Wednesday, March 14, 2007

Systematic Wealth

"The fruit of success cannot be grabbed from another person's tree. It must come from your own tree. That is, success will naturally come to you as effortlessly and predictably as a ripe apple falling into your hand."

On April 16, 2002 I wrote in my diary: "A tool can be something that clarifies your mental processes." I also wrote on that day that "I am putting the full weight of my ideological conviction behind startup services."

Since then, I began to consciously study business and entrepreneurship in order to penetrate the secrets behind every great and successful business.

The book above, to be published in May of this year, is the culmination of my (exciting yet tremendously exhausting) search for the secret principles regulating every successful commercial enterprise.

In the next few postings, I'd like to share with you some of my findings in that book.

But right now, the success secret I want to leave you with is something Napoleon Hill wrote in his best-seller Think and Grow Rich. He said that great success and great wealth doesn't come from hard work or honesty although, of course, both are desirable. Rather, wealth comes from the correct application of principles.
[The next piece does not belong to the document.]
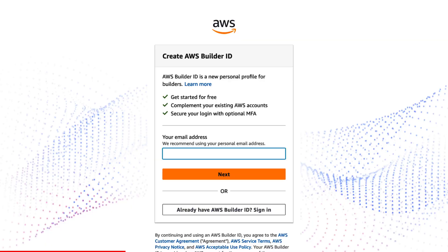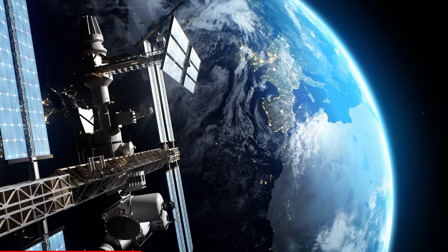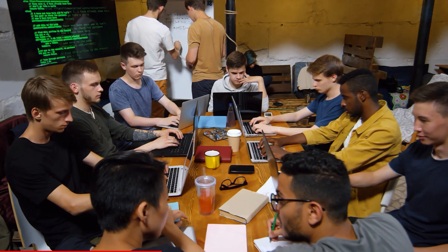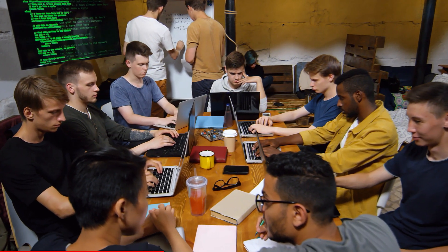Number two: to get started, you first have to create an AWS Builder ID credential to sign into Code Catalyst. Next, you create a space to represent your company, department, or group, and create projects that contain the resources needed to support your development teams.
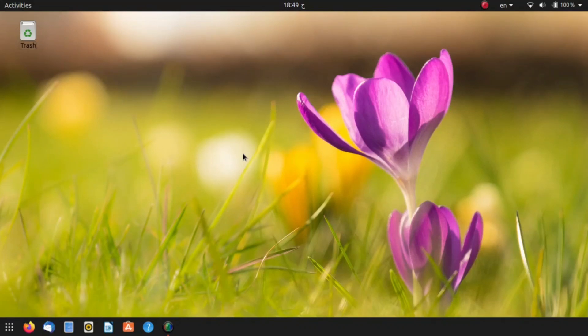Hello everyone and welcome back to another video. Today I'm going to be showing you how to mirror your Android device screen onto your Linux computer. So let's get right into it.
In the book Systematic Wealth, I also explore the reasons why millions of people work hard every day, yet they do not get rich nor do they build tools that will allow them to achieve financial freedom. Why? Because they do every day what they have to do, but they don't think every day what they have to think.

In other words, their actions are good, but their thinking is not.

To borrow a line from Peter Drucker, I would say that they are doing things right, but they are not doing the right things.